Diversity and Regulation of S-Adenosylmethionine Dependent Methyltransferases in the Anhydrobiotic Midge
Institute of Fundamental Medicine and Biology, Kazan Federal University, Kazan, Tatarstan 420008, Russia
Department of Cell Biology, SUNY Downstate Health Sciences University, Brooklyn, NY 11203, USA
Anhydrobiosis Research Group, Molecular Biomimetics Research Unit, Institute of Agrobiological Sciences, National Institute of Agriculture and Food Research Organization (NARO), Tsukuba 305-0851, Japan
RIKEN-KFU Translational Genomics Unit, RIKEN Cluster for Science, Technology and Innovation Hub, RIKEN, Yokohama 230-0045, Japan
Author to whom correspondence should be addressed.
Received: 29 July 2020
Revised: 10 September 2020
Accepted: 14 September 2020
Published: 16 September 2020
Adaptation to anhydrobiotic conditions of Polypedilum vanderplanki at the larval stage is accompanied by specific genome features and related regulatory mechanisms.
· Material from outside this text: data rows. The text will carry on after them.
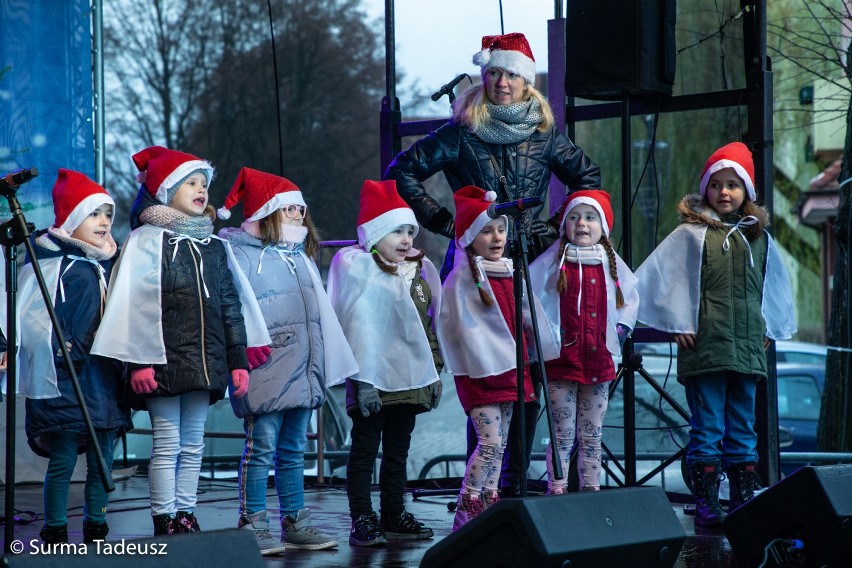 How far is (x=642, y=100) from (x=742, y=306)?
1.51 m

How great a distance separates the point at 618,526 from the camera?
3.76 m

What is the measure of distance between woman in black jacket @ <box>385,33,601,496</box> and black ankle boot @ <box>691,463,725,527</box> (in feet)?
2.65

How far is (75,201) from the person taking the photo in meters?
4.86

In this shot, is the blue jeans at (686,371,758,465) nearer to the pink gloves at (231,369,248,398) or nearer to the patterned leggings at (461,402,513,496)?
the patterned leggings at (461,402,513,496)

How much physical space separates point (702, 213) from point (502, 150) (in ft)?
3.36

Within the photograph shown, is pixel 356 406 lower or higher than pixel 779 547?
higher

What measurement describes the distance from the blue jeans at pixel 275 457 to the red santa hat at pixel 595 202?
159cm

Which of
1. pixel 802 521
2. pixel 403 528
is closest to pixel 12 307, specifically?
pixel 403 528

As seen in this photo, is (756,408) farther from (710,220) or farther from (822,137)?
(822,137)

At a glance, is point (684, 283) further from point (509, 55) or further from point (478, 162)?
point (509, 55)

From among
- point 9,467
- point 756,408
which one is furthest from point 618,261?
point 9,467

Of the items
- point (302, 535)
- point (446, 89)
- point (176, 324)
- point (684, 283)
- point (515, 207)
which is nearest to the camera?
point (515, 207)

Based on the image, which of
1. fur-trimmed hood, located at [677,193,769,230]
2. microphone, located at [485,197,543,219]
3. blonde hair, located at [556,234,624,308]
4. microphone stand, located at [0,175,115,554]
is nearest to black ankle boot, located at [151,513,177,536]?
microphone stand, located at [0,175,115,554]

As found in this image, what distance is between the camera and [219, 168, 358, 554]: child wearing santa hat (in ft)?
16.1
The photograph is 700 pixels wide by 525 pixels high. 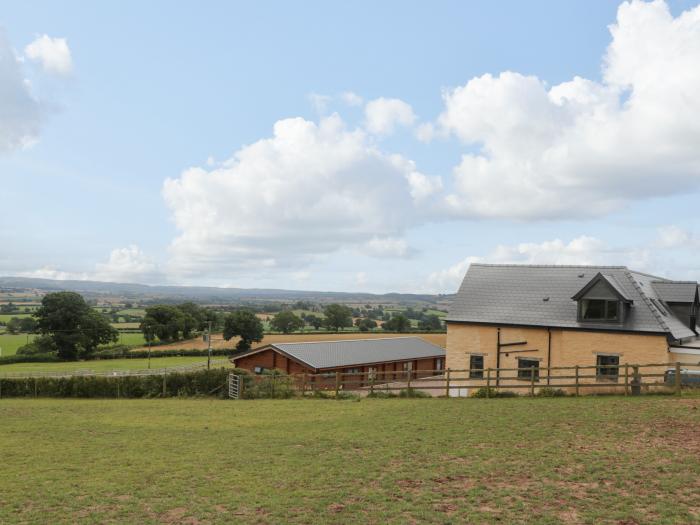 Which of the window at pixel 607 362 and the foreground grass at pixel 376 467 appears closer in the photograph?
the foreground grass at pixel 376 467

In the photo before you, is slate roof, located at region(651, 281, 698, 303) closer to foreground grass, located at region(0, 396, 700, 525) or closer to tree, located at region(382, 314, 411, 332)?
foreground grass, located at region(0, 396, 700, 525)

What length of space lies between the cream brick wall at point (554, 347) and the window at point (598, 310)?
0.85m

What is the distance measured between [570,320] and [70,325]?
273ft

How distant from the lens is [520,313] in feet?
101

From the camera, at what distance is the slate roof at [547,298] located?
27938 millimetres

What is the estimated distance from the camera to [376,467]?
1201 centimetres

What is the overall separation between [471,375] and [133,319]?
448 feet

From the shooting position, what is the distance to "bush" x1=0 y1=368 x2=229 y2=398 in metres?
35.2

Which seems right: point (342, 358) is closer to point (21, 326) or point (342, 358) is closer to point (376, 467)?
point (376, 467)

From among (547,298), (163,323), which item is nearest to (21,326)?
(163,323)

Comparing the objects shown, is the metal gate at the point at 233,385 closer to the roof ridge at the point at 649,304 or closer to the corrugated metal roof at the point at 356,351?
the corrugated metal roof at the point at 356,351

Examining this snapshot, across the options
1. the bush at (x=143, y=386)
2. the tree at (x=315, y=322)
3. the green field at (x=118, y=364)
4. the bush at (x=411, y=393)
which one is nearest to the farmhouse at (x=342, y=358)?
the bush at (x=143, y=386)

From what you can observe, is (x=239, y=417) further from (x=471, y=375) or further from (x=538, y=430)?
(x=471, y=375)

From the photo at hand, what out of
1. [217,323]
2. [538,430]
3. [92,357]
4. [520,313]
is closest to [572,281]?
[520,313] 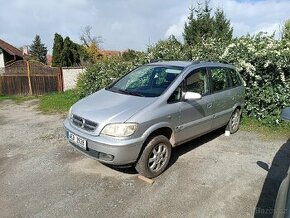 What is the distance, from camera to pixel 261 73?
7.49 metres

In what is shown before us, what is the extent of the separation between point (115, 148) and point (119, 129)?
10.1 inches

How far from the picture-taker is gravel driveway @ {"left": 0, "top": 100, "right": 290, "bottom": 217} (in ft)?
11.9

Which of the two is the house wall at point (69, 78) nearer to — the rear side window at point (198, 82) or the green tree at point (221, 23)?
the green tree at point (221, 23)

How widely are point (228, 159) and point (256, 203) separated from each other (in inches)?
56.9

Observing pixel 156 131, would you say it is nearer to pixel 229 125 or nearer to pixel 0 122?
pixel 229 125

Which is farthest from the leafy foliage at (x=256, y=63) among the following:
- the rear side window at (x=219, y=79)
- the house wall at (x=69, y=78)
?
the house wall at (x=69, y=78)

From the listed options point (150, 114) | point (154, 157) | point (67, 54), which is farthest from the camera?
point (67, 54)

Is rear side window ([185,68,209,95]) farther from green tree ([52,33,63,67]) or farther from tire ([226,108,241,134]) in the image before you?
green tree ([52,33,63,67])

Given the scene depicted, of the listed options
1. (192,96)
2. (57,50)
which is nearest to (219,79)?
(192,96)

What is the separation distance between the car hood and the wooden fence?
11.1 meters

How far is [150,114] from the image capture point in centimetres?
414

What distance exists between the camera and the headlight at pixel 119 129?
12.8 feet

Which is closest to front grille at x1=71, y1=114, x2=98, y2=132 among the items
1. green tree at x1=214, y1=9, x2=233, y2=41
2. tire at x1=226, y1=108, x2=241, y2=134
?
tire at x1=226, y1=108, x2=241, y2=134

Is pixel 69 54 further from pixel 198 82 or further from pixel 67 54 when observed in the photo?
pixel 198 82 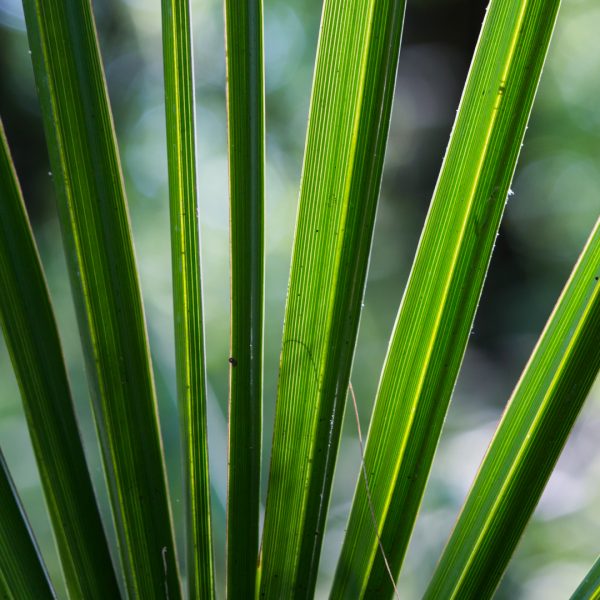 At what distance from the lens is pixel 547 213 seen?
1.43 meters

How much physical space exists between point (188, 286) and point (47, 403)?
0.15m

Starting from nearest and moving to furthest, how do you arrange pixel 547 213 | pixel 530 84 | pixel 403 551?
Answer: pixel 530 84, pixel 403 551, pixel 547 213

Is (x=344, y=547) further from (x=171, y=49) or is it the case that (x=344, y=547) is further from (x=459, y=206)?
(x=171, y=49)

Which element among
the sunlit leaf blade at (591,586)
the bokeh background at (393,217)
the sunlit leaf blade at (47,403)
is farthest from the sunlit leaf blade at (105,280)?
the bokeh background at (393,217)

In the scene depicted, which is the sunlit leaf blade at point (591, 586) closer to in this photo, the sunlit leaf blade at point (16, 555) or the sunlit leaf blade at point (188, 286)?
the sunlit leaf blade at point (188, 286)

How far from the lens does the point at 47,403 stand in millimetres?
490

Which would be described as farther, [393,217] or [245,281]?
[393,217]

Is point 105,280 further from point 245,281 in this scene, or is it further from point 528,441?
point 528,441

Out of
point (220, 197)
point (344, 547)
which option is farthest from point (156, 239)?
point (344, 547)

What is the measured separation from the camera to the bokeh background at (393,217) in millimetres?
1388

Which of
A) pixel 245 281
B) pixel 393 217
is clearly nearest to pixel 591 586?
pixel 245 281

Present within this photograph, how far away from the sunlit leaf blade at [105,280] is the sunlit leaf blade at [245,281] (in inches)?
2.6

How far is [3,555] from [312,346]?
30 cm

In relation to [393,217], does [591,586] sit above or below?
below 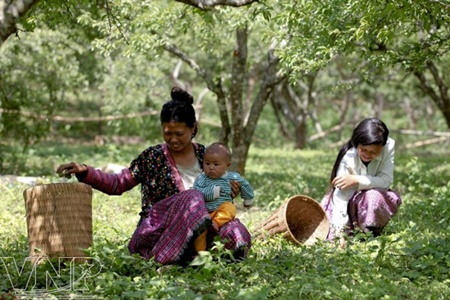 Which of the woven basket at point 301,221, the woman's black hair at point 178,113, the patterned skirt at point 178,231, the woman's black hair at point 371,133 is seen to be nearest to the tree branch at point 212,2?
the woman's black hair at point 178,113

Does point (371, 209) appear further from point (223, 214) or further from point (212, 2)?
point (212, 2)

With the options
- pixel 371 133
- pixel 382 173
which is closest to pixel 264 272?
pixel 371 133

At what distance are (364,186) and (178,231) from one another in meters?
2.19

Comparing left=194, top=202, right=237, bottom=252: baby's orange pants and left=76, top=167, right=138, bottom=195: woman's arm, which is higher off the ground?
left=76, top=167, right=138, bottom=195: woman's arm

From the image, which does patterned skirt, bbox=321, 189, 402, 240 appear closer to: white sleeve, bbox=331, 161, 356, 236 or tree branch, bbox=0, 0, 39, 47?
white sleeve, bbox=331, 161, 356, 236

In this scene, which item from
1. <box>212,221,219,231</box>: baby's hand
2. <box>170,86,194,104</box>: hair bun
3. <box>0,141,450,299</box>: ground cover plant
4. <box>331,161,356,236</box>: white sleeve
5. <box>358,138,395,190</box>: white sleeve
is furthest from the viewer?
<box>331,161,356,236</box>: white sleeve

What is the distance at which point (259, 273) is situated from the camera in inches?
210

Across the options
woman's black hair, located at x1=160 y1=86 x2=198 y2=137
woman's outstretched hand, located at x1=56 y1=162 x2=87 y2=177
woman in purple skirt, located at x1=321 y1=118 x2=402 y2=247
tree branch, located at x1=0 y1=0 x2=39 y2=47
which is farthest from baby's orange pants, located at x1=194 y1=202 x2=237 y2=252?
tree branch, located at x1=0 y1=0 x2=39 y2=47

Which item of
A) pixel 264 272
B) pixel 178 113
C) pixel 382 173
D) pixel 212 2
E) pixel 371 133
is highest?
pixel 212 2

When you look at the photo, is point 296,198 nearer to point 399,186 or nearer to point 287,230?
point 287,230

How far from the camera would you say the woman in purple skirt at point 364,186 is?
22.8 feet

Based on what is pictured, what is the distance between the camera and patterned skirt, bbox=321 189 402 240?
22.6 feet

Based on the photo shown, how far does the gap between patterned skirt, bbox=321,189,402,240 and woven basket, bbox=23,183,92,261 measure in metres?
2.56

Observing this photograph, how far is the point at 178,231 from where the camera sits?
5.62m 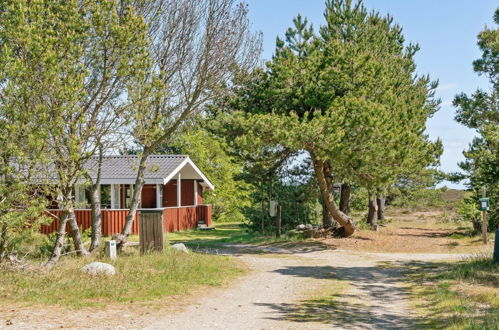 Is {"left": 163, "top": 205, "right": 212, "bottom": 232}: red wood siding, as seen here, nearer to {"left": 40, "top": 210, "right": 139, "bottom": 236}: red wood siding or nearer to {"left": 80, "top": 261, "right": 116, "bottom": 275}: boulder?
{"left": 40, "top": 210, "right": 139, "bottom": 236}: red wood siding

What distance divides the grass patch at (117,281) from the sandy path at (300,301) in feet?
2.77

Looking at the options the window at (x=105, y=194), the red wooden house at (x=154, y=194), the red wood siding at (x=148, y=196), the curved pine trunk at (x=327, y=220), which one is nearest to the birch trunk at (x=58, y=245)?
the red wooden house at (x=154, y=194)

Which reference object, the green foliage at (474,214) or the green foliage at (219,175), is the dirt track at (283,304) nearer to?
the green foliage at (474,214)

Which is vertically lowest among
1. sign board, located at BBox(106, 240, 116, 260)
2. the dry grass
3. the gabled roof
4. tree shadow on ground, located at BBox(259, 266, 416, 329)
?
tree shadow on ground, located at BBox(259, 266, 416, 329)

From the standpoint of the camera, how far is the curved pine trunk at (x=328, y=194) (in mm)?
20641

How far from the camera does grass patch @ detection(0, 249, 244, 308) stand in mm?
9758

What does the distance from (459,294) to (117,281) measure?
6.68m

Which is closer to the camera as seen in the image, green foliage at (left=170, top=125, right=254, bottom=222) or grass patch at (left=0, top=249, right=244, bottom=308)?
grass patch at (left=0, top=249, right=244, bottom=308)

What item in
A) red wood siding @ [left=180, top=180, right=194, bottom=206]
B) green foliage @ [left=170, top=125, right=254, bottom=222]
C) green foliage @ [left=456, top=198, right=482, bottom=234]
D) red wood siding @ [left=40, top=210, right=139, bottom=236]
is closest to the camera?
green foliage @ [left=456, top=198, right=482, bottom=234]

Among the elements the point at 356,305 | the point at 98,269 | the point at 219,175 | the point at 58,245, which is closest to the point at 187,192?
the point at 219,175

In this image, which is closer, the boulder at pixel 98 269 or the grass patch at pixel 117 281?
the grass patch at pixel 117 281

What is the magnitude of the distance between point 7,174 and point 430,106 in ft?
73.5

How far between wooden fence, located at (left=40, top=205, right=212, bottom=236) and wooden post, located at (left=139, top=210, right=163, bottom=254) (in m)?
6.16

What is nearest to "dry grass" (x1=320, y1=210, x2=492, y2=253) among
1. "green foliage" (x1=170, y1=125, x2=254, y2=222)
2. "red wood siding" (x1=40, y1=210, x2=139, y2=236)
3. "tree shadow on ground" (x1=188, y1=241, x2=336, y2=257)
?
"tree shadow on ground" (x1=188, y1=241, x2=336, y2=257) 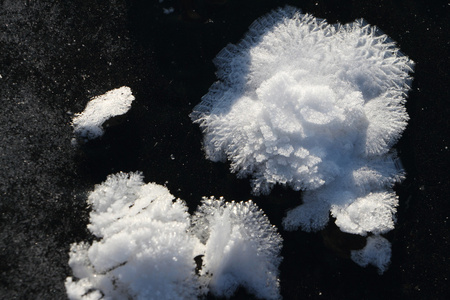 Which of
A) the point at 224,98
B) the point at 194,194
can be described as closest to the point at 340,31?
the point at 224,98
The unusual diversity of paralogous genes located in gene clusters with a strong dehydration specific response is thought to underlie the desiccation tolerance of the insect. One of the most representative clusters consists of the gene coding protein, L-isoaspartate O-methyltransferases (PIMT), but it remains poorly characterized. In our work, by applying the transcriptomic RNA-seq approach on desiccated-rehydrated larvae, we showed that these genes have significant dissimilarities in their transcriptional activity within the group, but also in comparison with the expression profiles of other defined types of S-adenosylmethionine dependent methyltransferases active in the larvae. We also showed the standard methylation activity of two PIMTs, while the rest of the 12 tested proteins lacked an enzymatic function in normal physiological conditions. These results, together with in silico modelling, determine the heterogeneity of the group in terms of its role in the adaptation to anhydrobiosis.